IBM ha comunicato un’importante operazione di concentrazione delle proprie attività di marketing in Usa: affinché i suoi impiegati siano più produttivi occorre che essi lavorino in un nuovo ambiente creativo, che favorisca la giusta ispirazione.
Per anni IBM era stata precorritrice dell’home working, prima, e dello smart working, poi. Ora, che non basta aumentare la produttività, ma occorre affrontare una strada che accompagni lo sviluppo delle attività di AI e Cloud, IBM decide di avviare un nuovo tipo di organizzazione. Si fa riferimento ad uno studio Harvard, secondo il quale le condizioni per ottenere migliori risultati sono quelle di concentrarsi sul miglioramento di una sede lavorativa e di favorire gli incontri tra colleghi. In tale ottica si dovrebbero favorire gli insediamenti accanto all’azienda e lo stesso layout dell’azienda dovrebbe cambiare tanto da permettere ai dipendenti di fare sport, leggere e riposarsi.
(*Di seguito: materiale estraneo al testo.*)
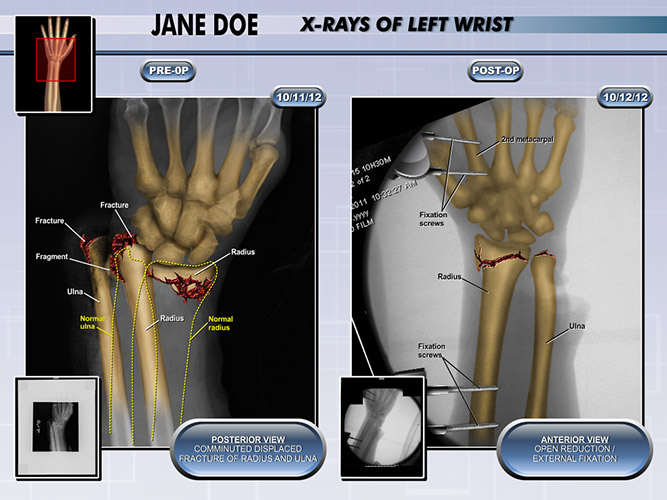 Colorized X-ray Hand - The Presentation Group - Trial Lawyer Exhibits - Litigation Support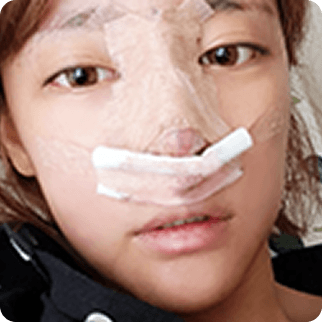 凡是与美 - Asian Rhinoplasty - Treatment after 2~3天 术前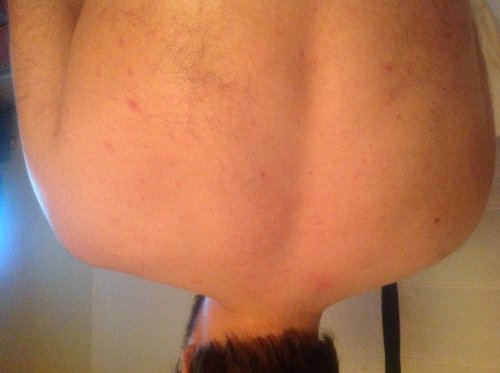 JB repair+care Nachtkerze “ Silber aktiv „… mit dem Silber- / Sauerstoff Komplex, bei Pickeln und Akne, sowie verstopfte Poren - 6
Queste considerazioni ricordano il Villaggio Crespi d'Adda (BG), una vera e propria cittadina costruita agli inizi del novecento dal proprietario per i suoi dipendenti e le loro famiglie. Ai lavoratori venivano messi a disposizione una casa con orto e giardino e tutti i servizi necessari. In questo piccolo mondo il padrone "regnava" dal suo castello e provvedeva come un padre a tutti i bisogni dei dipendenti: dentro e fuori la fabbrica. Nel Villaggio potevano abitare solo coloro che lavoravano nella fabbrica, e la vita di tutti i singoli e della comunità intera "ruotava attorno alla fabbrica stessa", ai suoi ritmi e alle sue esigenze. Il Villaggio industriale Crespi si è conservato straordinariamente integro fino ai giorni nostri. La veduta è del 1927: oggi nulla è cambiato, salvo che le attività tessili della fabbrica non sono più operative.
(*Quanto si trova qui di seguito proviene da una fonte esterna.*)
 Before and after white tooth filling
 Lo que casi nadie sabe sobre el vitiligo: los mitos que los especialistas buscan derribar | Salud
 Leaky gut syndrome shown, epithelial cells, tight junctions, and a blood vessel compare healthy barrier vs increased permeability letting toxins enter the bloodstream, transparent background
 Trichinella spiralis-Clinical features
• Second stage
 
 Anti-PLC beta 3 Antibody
Ma ritorniamo alle scelte di IBM, che qualcuno ha voluto contrapporre al modello smart working. Ricordiamo che lo scopo di quest’ultimo è essenzialmente quello di lavorare in modo flessibile, incrementare la produttività e cercare la conciliazione dei tempi della vita personale e del lavoro. La prestazione viene eseguita in parte all’interno dei locali aziendali senza una postazione fissa, in parte all’esterno dell’azienda, entro la durata dell’orario di lavoro derivante da un contratto di lavoro subordinato.
Va subito notato che, non solo nel caso IBM, l’applicazione dello smart working quasi mai può raggiungere la totalità dei dipendenti di un’azienda. Le esigenze di ciascuna azienda sono molto varie e non si può sempre affermare che lo smart working sia una scelta vincente.
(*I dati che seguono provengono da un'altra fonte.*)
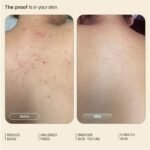 Arata 1% Salicylic Body Wash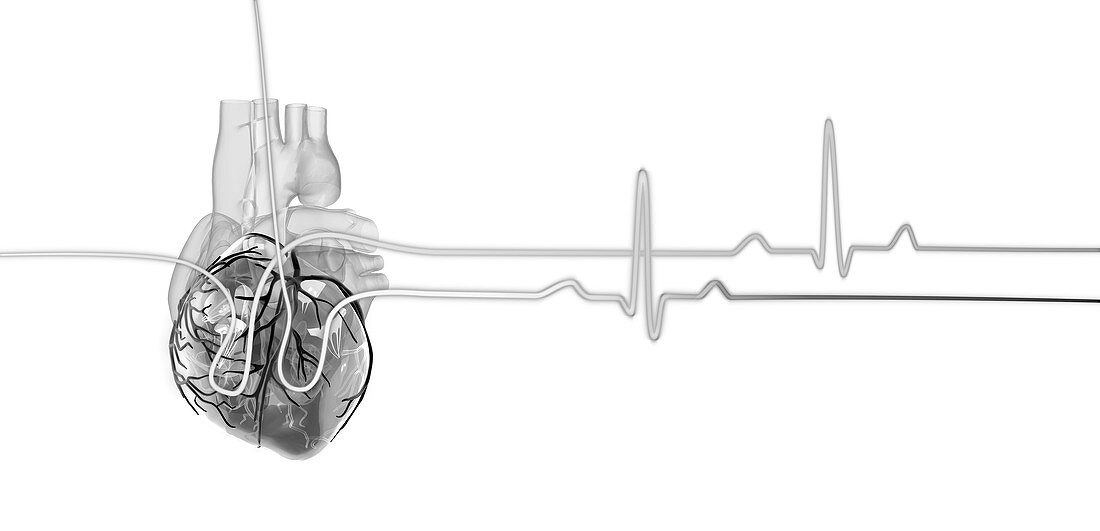 Human heart with a heartbeat trace, illustration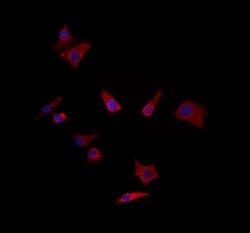 Invitrogen ZADH2 Polyclonal Antibody 100 &mu;L; Unconjugated:Antibodies,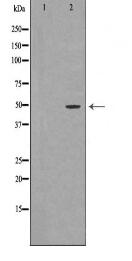 ACPP Antibody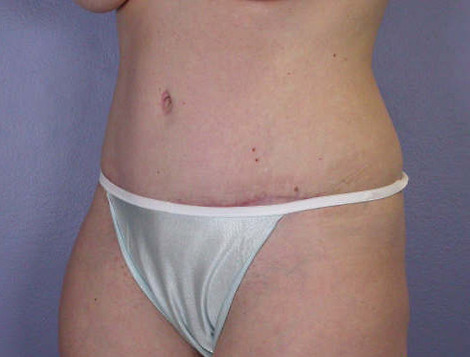 Liposuction before and after photo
Premesso che bisogna capire quale è la situazione dell’organizzazione, - sia per quanto riguarda il livello di responsabilizzazione dei dipendenti, - sia per la capacità dei capi di gestire il rapporto con i loro collaboratori per obiettivi.
Poi, serve conoscere gli obiettivi che un’azienda vuole perseguire e su quali unità dell’organizzazione decide di muoversi con priorità. Si suggerisce di ragionare su due possibili scelte, ponendosi dal punto di vista dei collaboratori:
- poter partecipare meglio alla vita dei gruppi di lavoro, anche virtuali, non pianificati e allargati alla filiera del business;
- poter godere dei vantaggi del work-life balance, ad esempio nei trasferimenti casa-ufficio.
Un adeguato bilanciamento farà emergere il modello da applicare unità per unità e nel tempo.
Se lo smart working non è la soluzione per tutte le stagioni, è anche vero che la sua applicazione è un esercizio importante per innovare le nostre aziende. Anche dal punto di vista della adozione dei servizi tecnologici, in particolare quelli UCC.